| Work to complete |
Without copying any pictures, restate exactly the lines from the start of the records through the line containing "a woman in a".
*** Information shown Section Begins ***
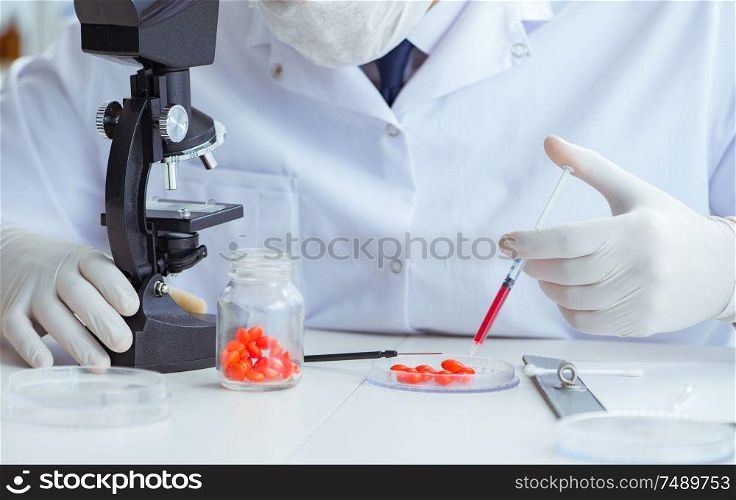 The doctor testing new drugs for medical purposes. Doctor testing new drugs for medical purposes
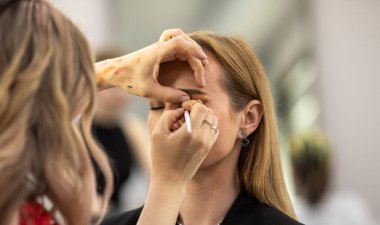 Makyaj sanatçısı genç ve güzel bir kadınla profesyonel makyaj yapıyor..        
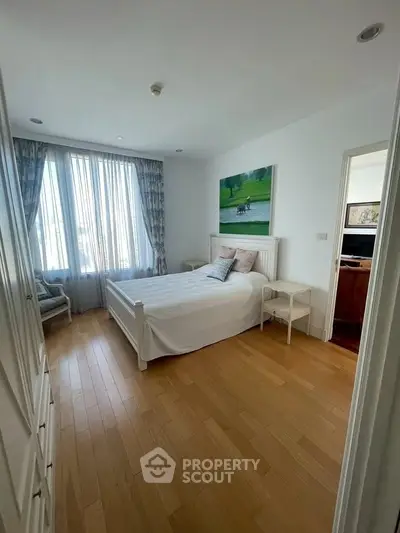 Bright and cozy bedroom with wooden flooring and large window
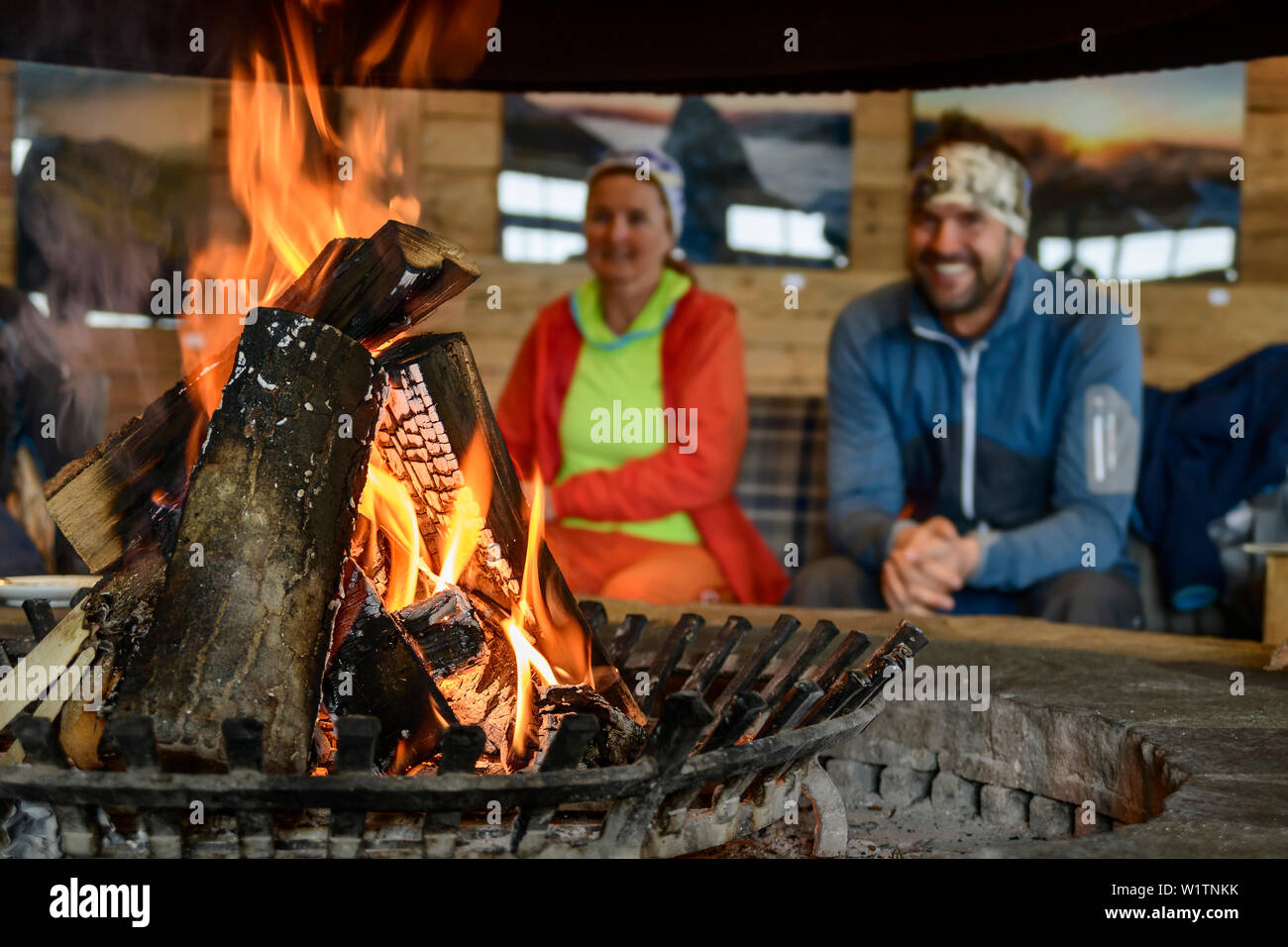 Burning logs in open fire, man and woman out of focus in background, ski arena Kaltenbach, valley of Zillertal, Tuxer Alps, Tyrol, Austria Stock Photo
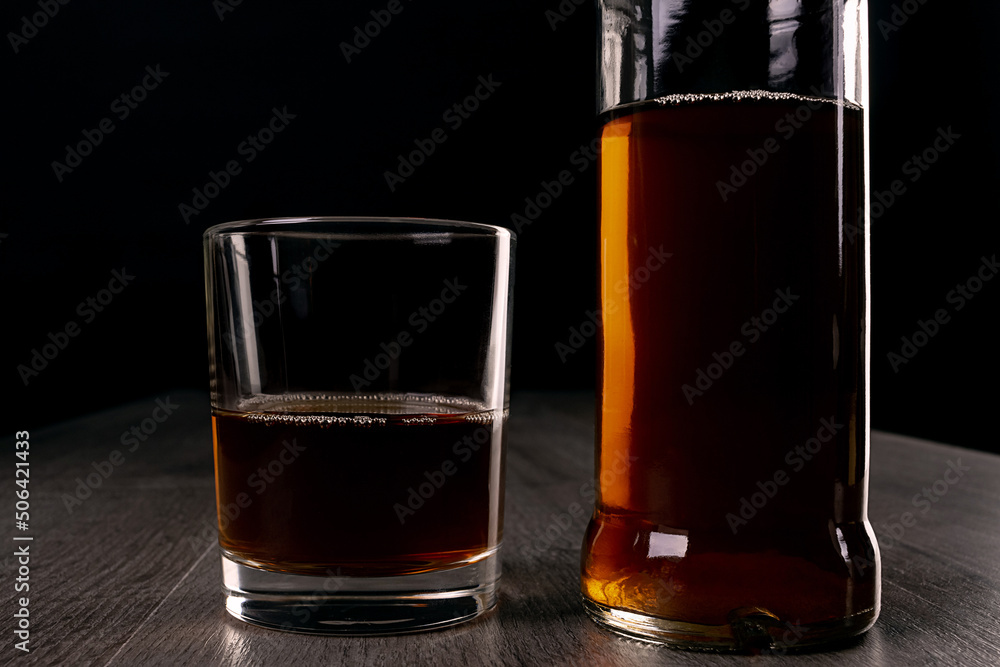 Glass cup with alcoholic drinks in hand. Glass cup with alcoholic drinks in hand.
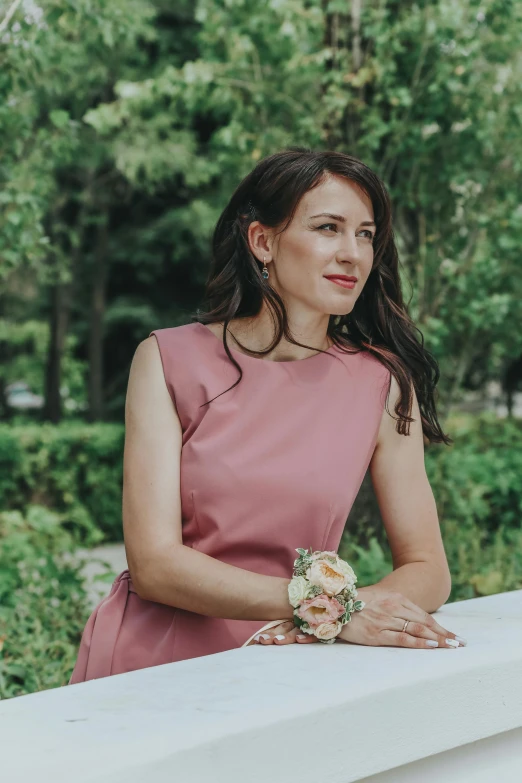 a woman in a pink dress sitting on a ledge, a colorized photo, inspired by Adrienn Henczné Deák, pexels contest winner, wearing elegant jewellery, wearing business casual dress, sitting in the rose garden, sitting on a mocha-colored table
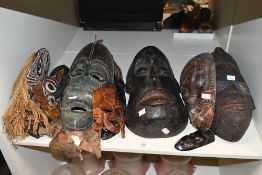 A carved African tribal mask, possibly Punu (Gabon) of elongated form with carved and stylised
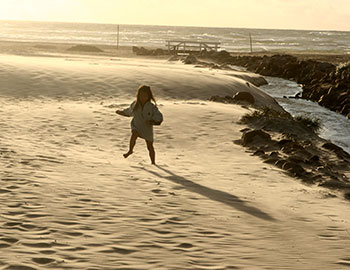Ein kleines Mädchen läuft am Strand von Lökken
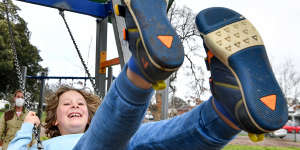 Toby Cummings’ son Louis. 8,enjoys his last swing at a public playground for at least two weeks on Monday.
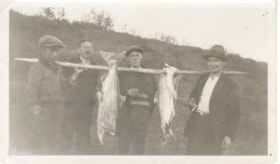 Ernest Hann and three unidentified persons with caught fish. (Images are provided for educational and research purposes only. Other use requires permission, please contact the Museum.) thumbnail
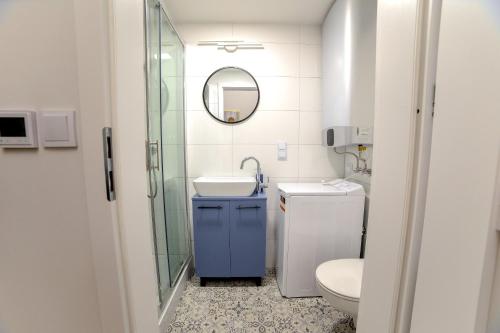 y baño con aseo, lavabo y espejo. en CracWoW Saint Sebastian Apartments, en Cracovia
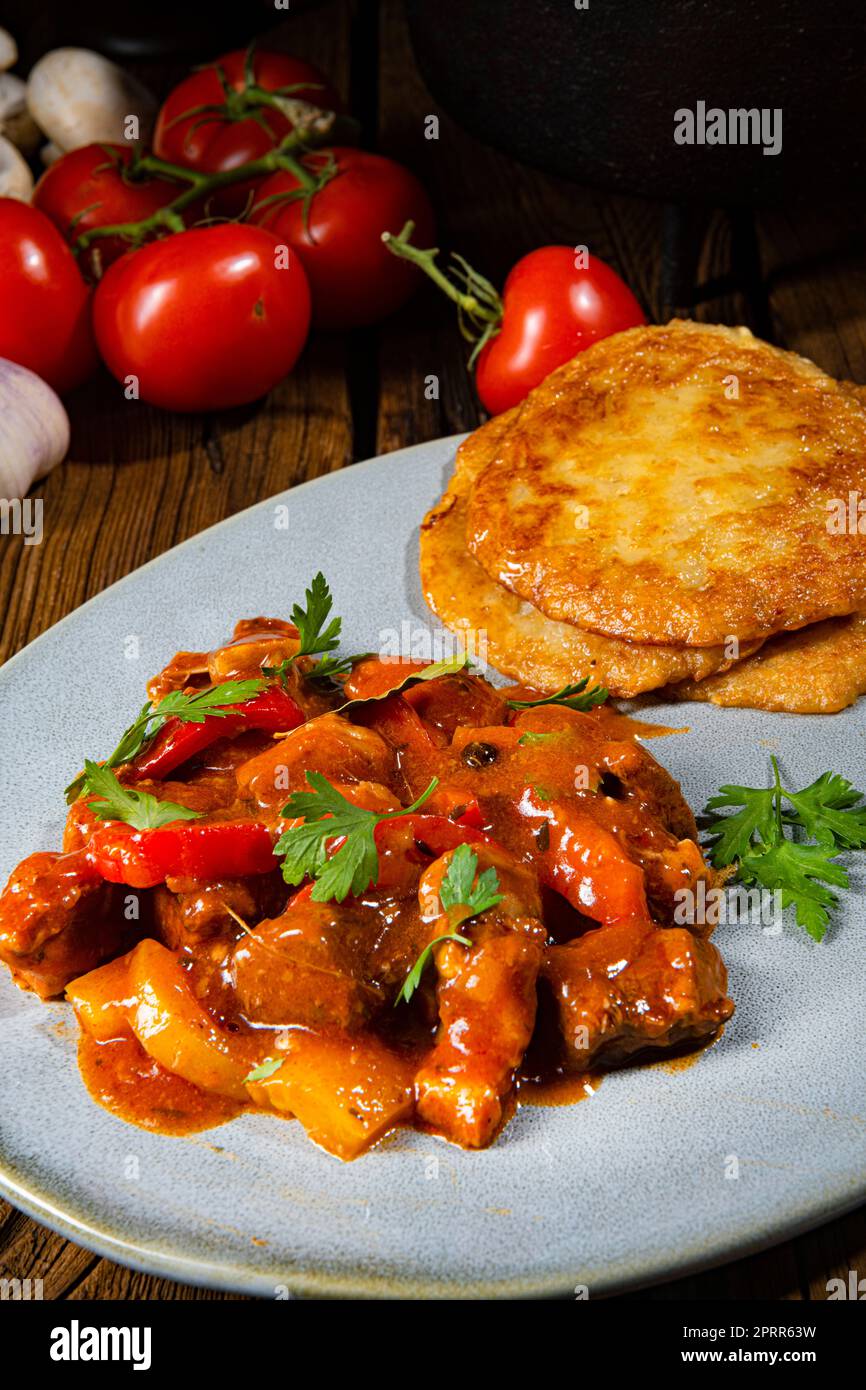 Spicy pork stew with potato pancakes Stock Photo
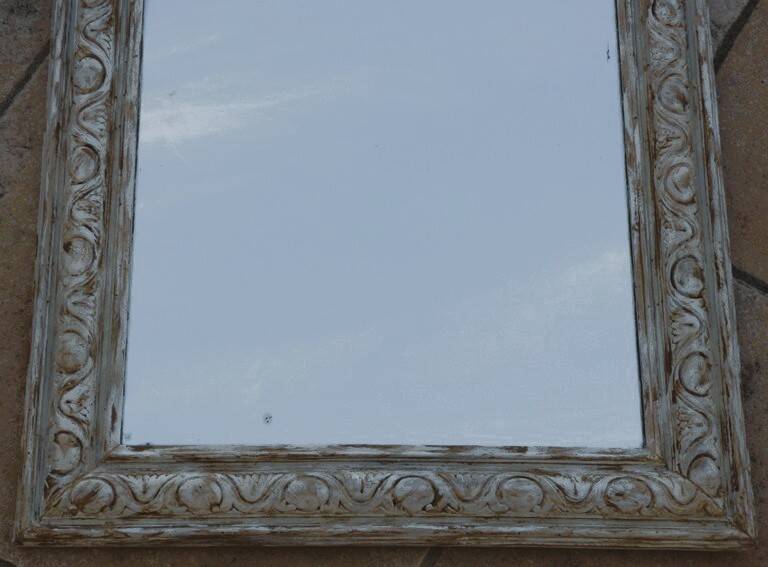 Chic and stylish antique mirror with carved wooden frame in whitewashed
*** Information shown Section Ends ***
| Result |
 The doctor testing new drugs for medical purposes. Doctor testing new drugs for medical purposes
 Makyaj sanatçısı genç ve güzel bir kadınla profesyonel makyaj yapıyor..        
 Bright and cozy bedroom with wooden flooring and large window
 Burning logs in open fire, man and woman out of focus in background, ski arena Kaltenbach, valley of Zillertal, Tuxer Alps, Tyrol, Austria Stock Photo
 Glass cup with alcoholic drinks in hand. Glass cup with alcoholic drinks in hand.
 a woman in a pink dress sitting on a ledge, a colorized photo, inspired by Adrienn Henczné Deák, pexels contest winner, wearing elegant jewellery, wearing business casual dress, sitting in the rose garden, sitting on a mocha-colored table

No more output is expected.